The Butlers hired ten armed men to guard them and their property, and they were known to be as cruel as their employers. Daily beatings, corporal punishments, and public executions (even though the killing of slaves was against the slave code) were commonplace. A one-eyed man named Jonathan “Blackjack” Reedy, worked as taskmaster in the fields, and once said, “Spilled blood is good for the soil, makes the cotton stronger.”

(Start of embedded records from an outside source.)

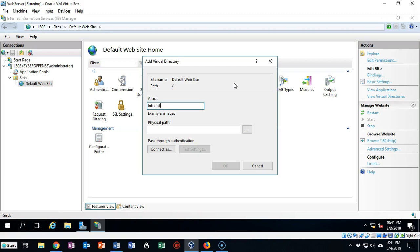So if a group needs something they can use to collaborate, I could create them a virtual directory, make sure that they're the only ones that have access to it, and then they would be able to open up a browser and access this virtual directory just by going to our internal website.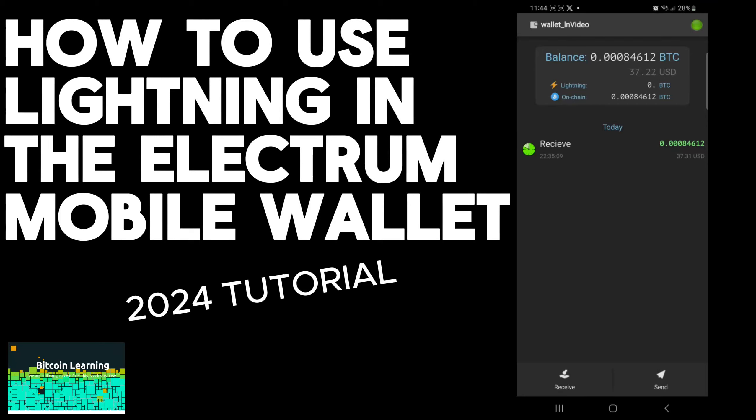In this video, I'm going to show how to open a Lightning channel using the Electrum mobile wallet.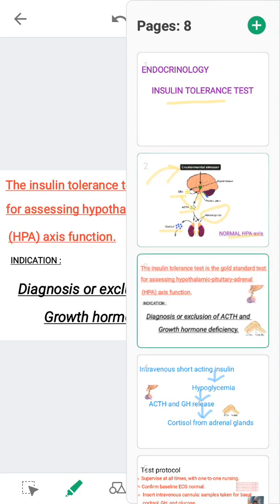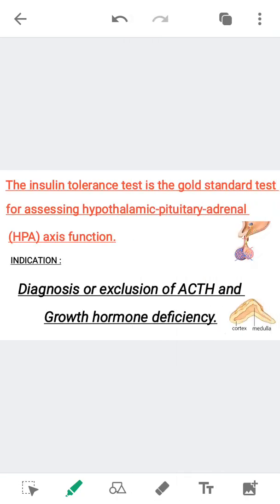The Insulin Tolerance Test is the gold standard test for assessing hypothalamic pituitary adrenal axis function. The indication of the test is diagnosis or exclusion of ACTH and growth hormone deficiency.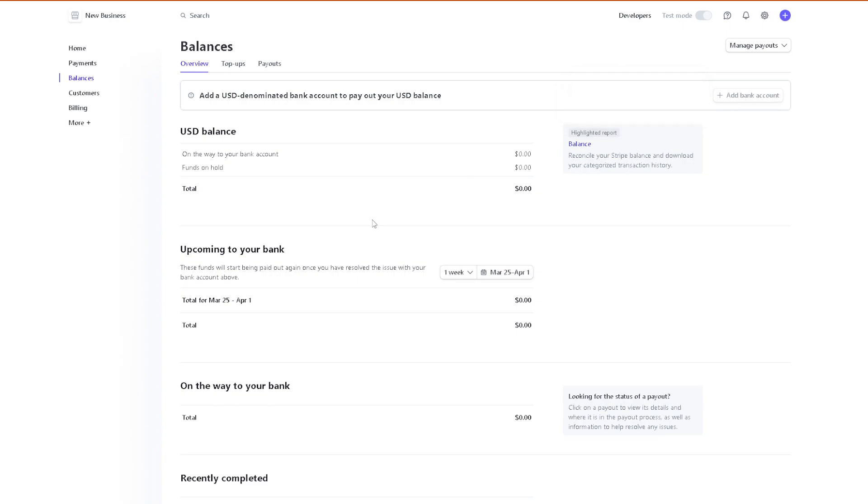After doing so, just follow the on-screen instructions and again be ready with your bank account details. For myself, I'm using Bank of America. Fill out all the information and you would receive a notification from the email that is associated with your Stripe account. Confirm, verify, and follow the on-screen instructions.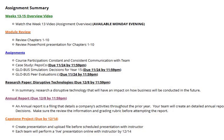Let's get down to business when it comes to what you should be working on for the last remaining weeks of the course. First of all, make sure you review chapters 1 through 10 within your textbook and the PowerPoint presentations to assist you with completing these remaining assignments. For the assignments, we have course participation, which is basically making sure you're communicating with your team.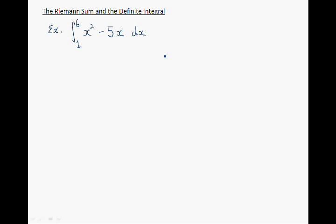In this video, I'm going to explain how to evaluate a definite integral using the limit definition of definite integrals. So let's consider this example, and the first step is to calculate delta x.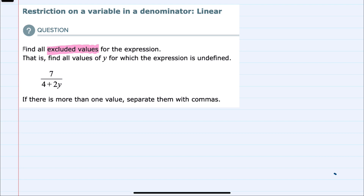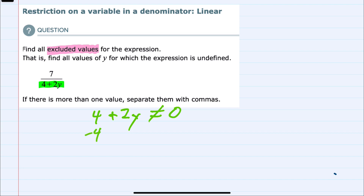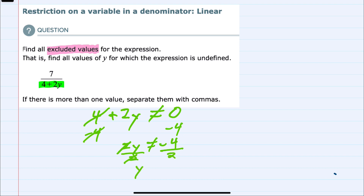Since we cannot divide by 0, our denominator here — 4 plus 2y — cannot be equal to 0. Just like for an equality, we can solve this for the variable y by isolating it on one side. Here I could subtract 4 from both sides, canceling the 4 on the left, giving me 2y not equal to negative 4. And we can divide both sides by 2 to get y not equal to negative 2.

On October 31, 1847, near the end of the annual cotton harvest, Blackjack was whipping a young boy whose only infraction was said to have been stopping for a moment to wipe the sweat from his brow. This appeared to have been the final straw for the mistreated slaves, and they revolted, beating Blackjack so severely the only way the authorities could identify his corpse was by his black leather eyepatch.

The rebellion spread throughout the fields, the guards either being surprised or running out of ammunition, and after the last was killed the angry slaves converged on Butler House.

Jebediah Butler, and his wife Annabelle, were hung naked by their ankles from the rafters in Butler House’s great room and beaten to death with whips and scourges. Colton was chased into the bowels of the basement, and dragged to the torture chamber where he was placed upon the rack and stretched until his arms and legs were broken in several places each. Then he was set ablaze.